What is the answer to the age-old question, “Are leaders born or made?” In actuality, there is no solitary answer to this, because both can be held true for different individuals. Pat Burke, writing for CIO Insight, interviewed Christopher Markham, the CIO of Florida State at Jacksonville, to further explore this question of leadership.
Markham served the U.S. Army as a commissioned officer for 15 years before taking on the role of CIO. The military provided him the opportunity to dive head first into leadership roles, and take a more hands-on, active approach to learning about leadership. According to Markham, the chief problem facing technology today is leadership. Great leaders are those who understand the relationship between technical and business value. Additionally, a CIO needs to be active with data governance because this is vital to business strategy.
IT is becoming more automated than ever before. In order to best prepare for this transition further, CIOs should begin by fulfilling their basic technology transactional needs. For Markham and his position at the university, this meant overhauling the four legacy ticketing systems with a modern service desk.
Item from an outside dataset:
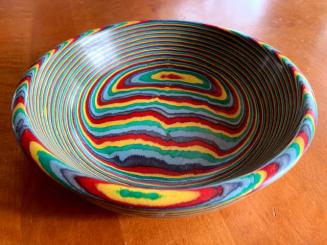 1x Rainbow Holz Regenbogen SaRaiFo bunt gefärbt 62x23,5cm x 52-58mm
This switch is promoting better efficiency, as well as great end-user satisfaction. The students have reaped the benefits of this because there are less students who leave the university altogether.
Hesitant CIOs who do not jump on the automation train will likely lose their job, or they will be left behind at the station. They will also impact the CIO position at large because it will become more difficult for qualified candidates to be taken seriously.
In his closing remarks, Markham suggests this for CIOs:
It’s possible for any IT organization to transform into more than just the overseer of the IT infrastructure. CIOs need to develop business analysts and process experts who can provide them with information needed to make impactful decisions. However, knowledge is not enough. We need to empower our people to create unique solutions for our most pressing business problems by synthesizing knowledge gained from many different places.